Professeur titulaire à la faculté des arts et des sciences de l’Université de Montréal, Sébastien Sauvé est spécialiste de la chimie des sols, de l’eau, de l’environnement. Il a beaucoup étudié les polluants chimiques et les contaminants émergents. Afin d’expliquer de façon simple l’effet du PVA dans l’eau, il trace un parallèle avec le sucre et le sel.

On ne verra plus le contenu d’une cuillère de sucre ou de sel une fois qu’il est mélangé dans un verre d’eau. Mais il n’a pas disparu pour autant. C’est exactement la même chose avec le PVA.

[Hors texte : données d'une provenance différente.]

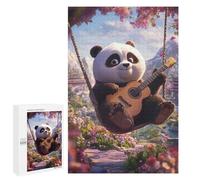 Jigsaw Puzzles 1000 PCS for Adults Panda Playing Guitar Teenagers Puzzles Toy Wall Decor Perfect Decoration Challenging To Complete 1000 PCS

Sébastien Sauvé, professeur titulaire à la faculté des arts et des sciences de l’Université de Montréal

Il existe une solution pour l’éliminer complètement des eaux usées, enchaîne le professeur. Les municipalités pourraient introduire dans les usines de filtration un processus complexe de dégradation à l’aide d’un catalyseur à base de cuivre et de manganèse.

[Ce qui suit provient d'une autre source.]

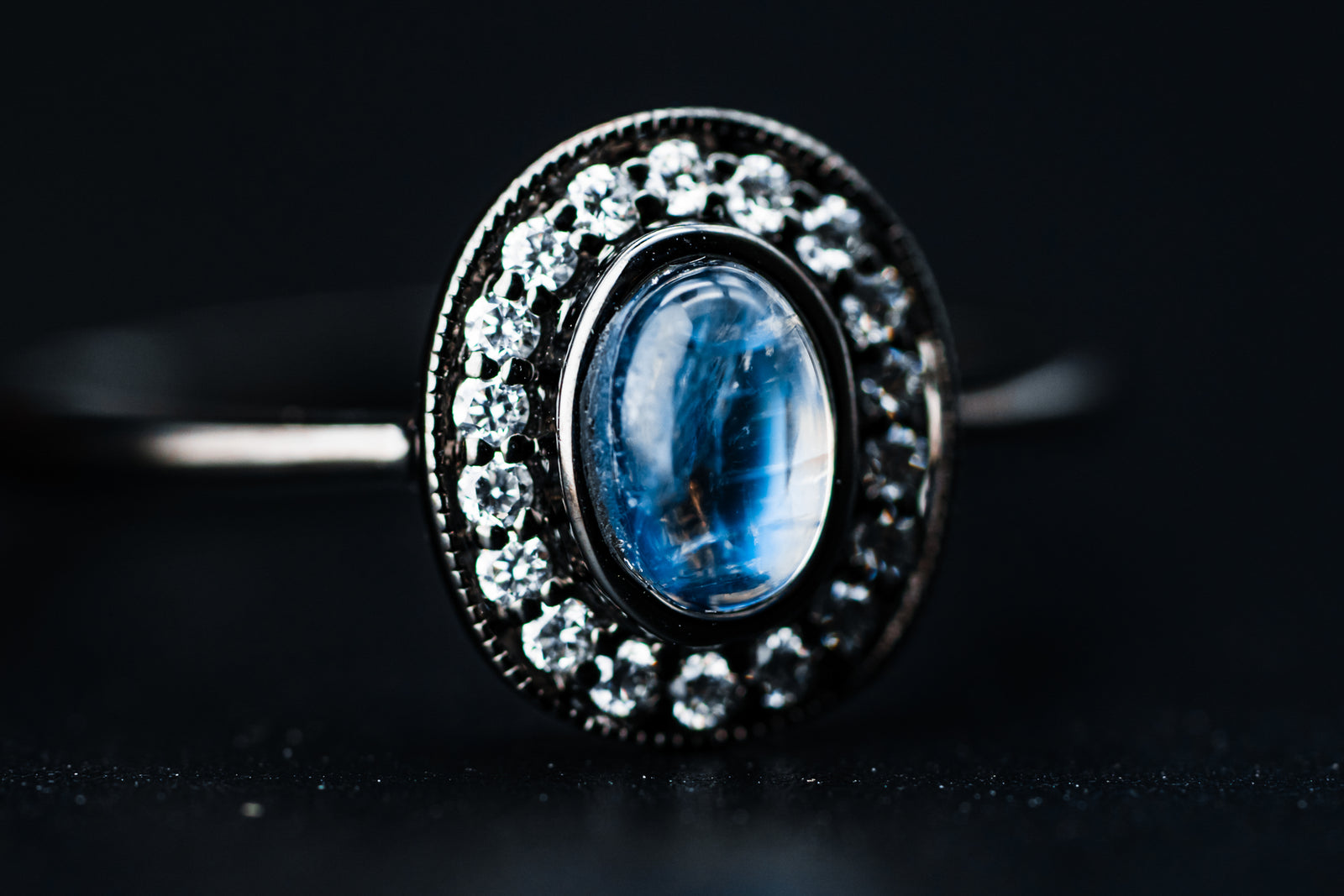 14k White Gold Moonstone and Diamond Ring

« Mais ce serait extrêmement coûteux », ajoute-t-il.

La fin de la poudre

Par ailleurs, le professeur fait remarquer qu’il est de plus en plus difficile de se procurer une bonne vieille boîte de détergent en carton, avec du savon en poudre.

« La solution va peut-être venir des consommateurs, avance-t-il. D’autant plus qu’il est reconnu que les capsules reviennent plus chères que la poudre. On n’a pas besoin de tout ce savon pour un cycle de lavage. »

À la Ville de Montréal, un projet d’ozonation visant à désinfecter les eaux usées avant de les rejeter dans le fleuve accuse des années de retard. Et il ne dissoudra pas le PVA ou les microbilles de plastique. À la direction des relations avec les médias de l’exécutif de la mairesse Valérie Plante, on a décliné une demande d’entrevue avec un élu responsable. Cependant, on indique que Montréal n’envisage pas actuellement d’interdire les capsules de détergent à lessive et pour lave-vaisselle.

« Nos experts restent à l’affût et suivent de près les recherches sur la pollution de l’eau, et ce, en collaboration notamment avec la Chaire en eau potable de Polytechnique Montréal. Il n’y a toutefois pas de projet directement en lien avec les microplastiques », précise Kim Nantais, de la direction des relations avec les médias.

Empoisonnement

Au-delà de la question environnementale, les dosettes de détergent liquide ont fait l’objet d’un avertissement de l’Organisation de coopération et de développement économiques (OCDE) en raison de la hausse des empoisonnements d’enfants. Une multiplication par dix en cinq ans était recensée en 2015 en Europe. « Elles ressemblent à des bonbons avec leurs couleurs vives et leurs odeurs », a prévenu l’organisation.